Moravia’s novel is also a reminder that perhaps as many marriages fail out of boredom as out of anything else. “Of all the primary relations,” Robert Nisbet writes in Prejudices: A Philosophical Dictionary, “marriage is probably the most fertile in its yield of boredom, to a wife perhaps more than to a husband if only because prior to recent times, her opportunities to forestall or relieve boredom were fewer.” In Nisbet’s view, the changing nature of marriage, from an institution with an economic foundation designed primarily for procreation to one that has become an almost “purely personal relationship,” has rendered it all the more susceptible to the incursions of boredom. Nisbet speculates that had God permitted Adam and Eve to remain in the Garden of Eden, their marriage, too, might have foundered on boredom.
Sameness a
nd repetition are among the chief causes of boredom. If they haunt marriages, they are even more powerfully at work in the realm of vocation. Once work went beyond the artisanal state, where farmers and craftsmen had a personal hand in their productions, once the assembly line and its white-collar equivalent, the large bureaucratic office, came into being, work, owing to its repetitious nature, became one of the chief sources of boredom in the modern world.

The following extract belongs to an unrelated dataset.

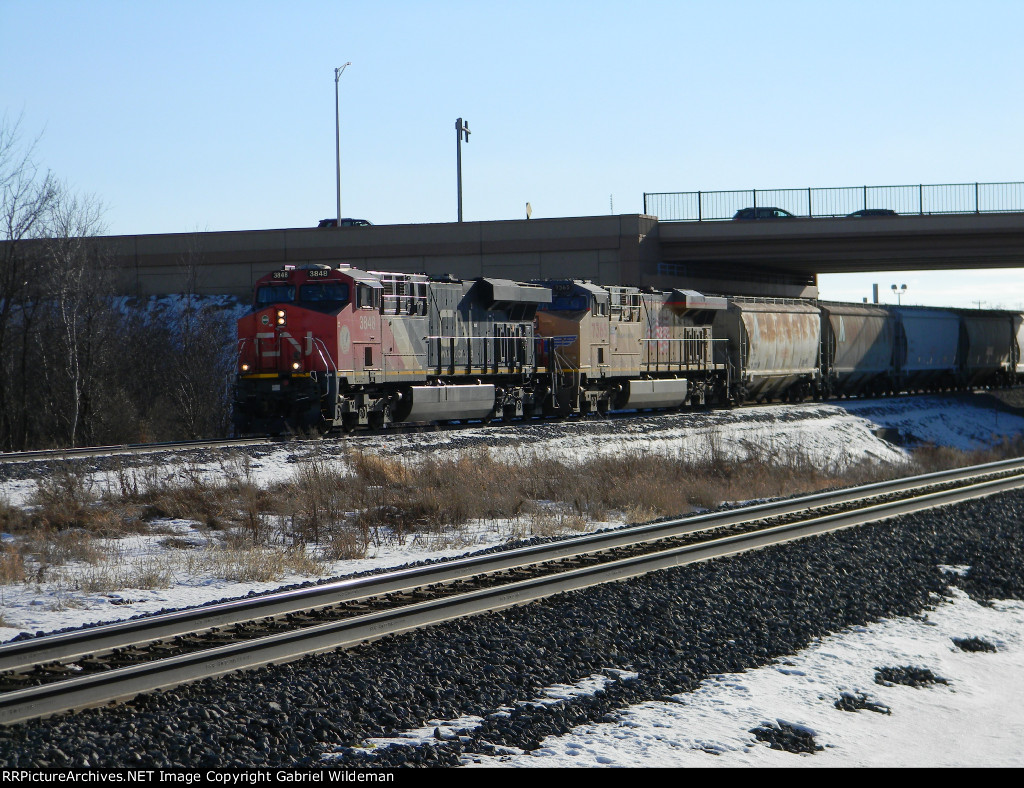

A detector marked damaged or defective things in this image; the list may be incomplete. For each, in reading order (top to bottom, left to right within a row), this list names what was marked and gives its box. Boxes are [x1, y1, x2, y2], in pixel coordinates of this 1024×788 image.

rusty hopper car [712, 298, 823, 401]
rusty hopper car [815, 302, 897, 397]
rusty hopper car [888, 307, 958, 392]
rusty hopper car [958, 307, 1015, 386]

Views on boredom and work alter with changing economic conditions. For my father’s generation, arriving at maturity with the onset of the Depression, the notion of “interesting” in connection with work didn’t come into play. Making a good living did. Unless the work was utterly degrading, my father could not understand leaving one job for another at a lesser salary. How different from today when a friend in California recently told me that he thought he might cease hiring young college graduates for jobs in his financial firm. “Their minds aren’t in it,” he said. “They all want to write screenplays.”

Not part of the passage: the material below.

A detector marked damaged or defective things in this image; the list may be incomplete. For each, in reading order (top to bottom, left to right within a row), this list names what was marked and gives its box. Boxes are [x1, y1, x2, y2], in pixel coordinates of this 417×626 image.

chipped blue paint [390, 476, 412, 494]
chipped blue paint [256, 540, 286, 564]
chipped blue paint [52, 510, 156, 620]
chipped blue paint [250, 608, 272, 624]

One can also tell a great deal about a person by what bores him. Certainly this is so in my own case. After perhaps an hour of driving along the coast between Portland, Oregon, and Vancouver, British Columbia, encountering one dazzling landscape after another, I thought enough was enough; Mae West was wrong, you can get too much of a good thing; and I longed for the sight of a delicatessen stocked with febrile Jews.
Tolerance for boredom differs vastly from person to person. Some might argue that a strong intolerance for boredom suggests, with its need for constant action, impressive ambition. Others longing to be always in play have, as the old saying goes, ants in their pants, or, to use the good Yiddish word, schplikes.

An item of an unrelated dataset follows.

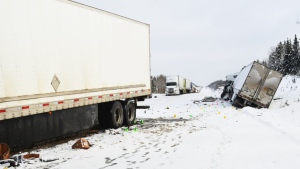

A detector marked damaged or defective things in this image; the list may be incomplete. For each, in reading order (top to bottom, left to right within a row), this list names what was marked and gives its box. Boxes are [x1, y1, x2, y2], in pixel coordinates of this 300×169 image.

overturned truck in ditch [221, 61, 282, 108]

No one longs to be bored, but if I am a useful example, as one grows older, one often finds oneself more patient with boredom. Pressureless, dull patches in life—bring them on. I recently read two very well-written but extremely boring novels by Barbara Pym—A Glass of Blessings and A Few Green Leaves. She is a writer I much admire, and I found myself quietly amused by how little happens in these novels. A Few Green Leaves contains the following sentence: “‘It is an art all too seldom met with,’ Adam declared, ‘the correct slicing of cucumber.’”
Toohey suggests that boredom is good for us. We should, he feels, be less put off by it. For one thing, boredom can function as a warning sign, as angina warns of heart attack and gout of stroke, telling those who suffer unduly from it that they need to change their lives. For another, “boredom intensifies self-perception,” by which I gather he means that it allows time for introspection of a kind not available to those who live in a state of continuous agitation and excitation. Boredom can also in itself function as a stimulant; boredom with old arguments and ideas can, in this view, presumably lead to freshened thought and creativity.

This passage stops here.